Every line from the line containing "Burlap cloth with" through the end of the data is to be reproduced exactly, excluding pictures.

» **DATASET SECTION**
════════════════

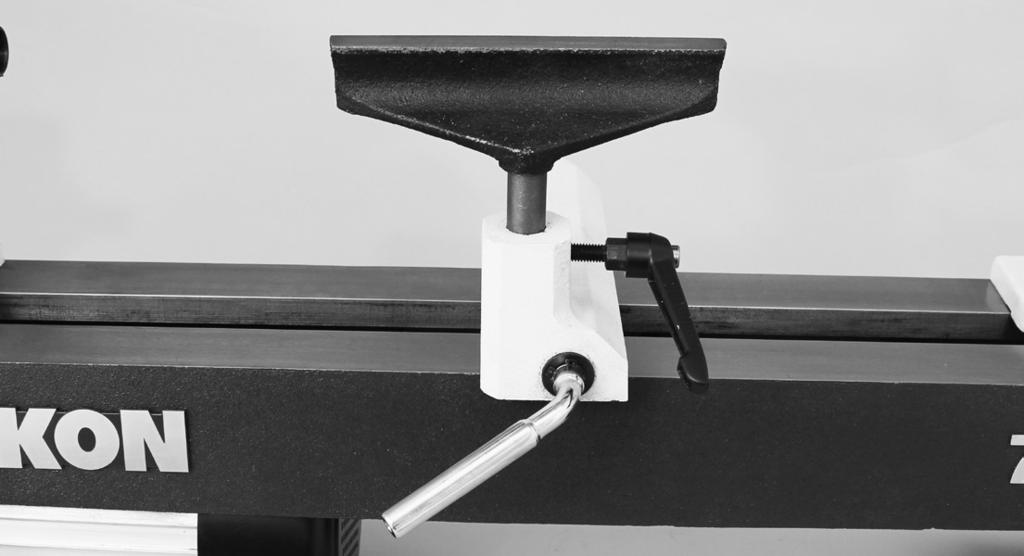 . FIG. INSTALL THE TOOL REST BASE. Remove the tailstock assembly from the lathe bed.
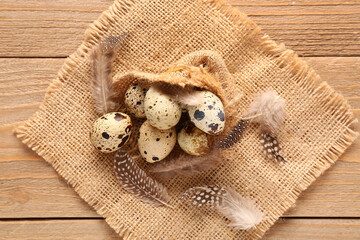 Burlap cloth with quail eggs and feathers on wooden background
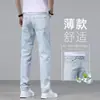Jeans de seda helada de alta gama italianos para hombre, pantalones largos casuales rectos finos de ajuste slim para verano, elásticos de color claro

════════════════

» **SOLUTION TO THIS EXERCISE**
 Burlap cloth with quail eggs and feathers on wooden background
Jeans de seda helada de alta gama italianos para hombre, pantalones largos casuales rectos finos de ajuste slim para verano, elásticos de color claro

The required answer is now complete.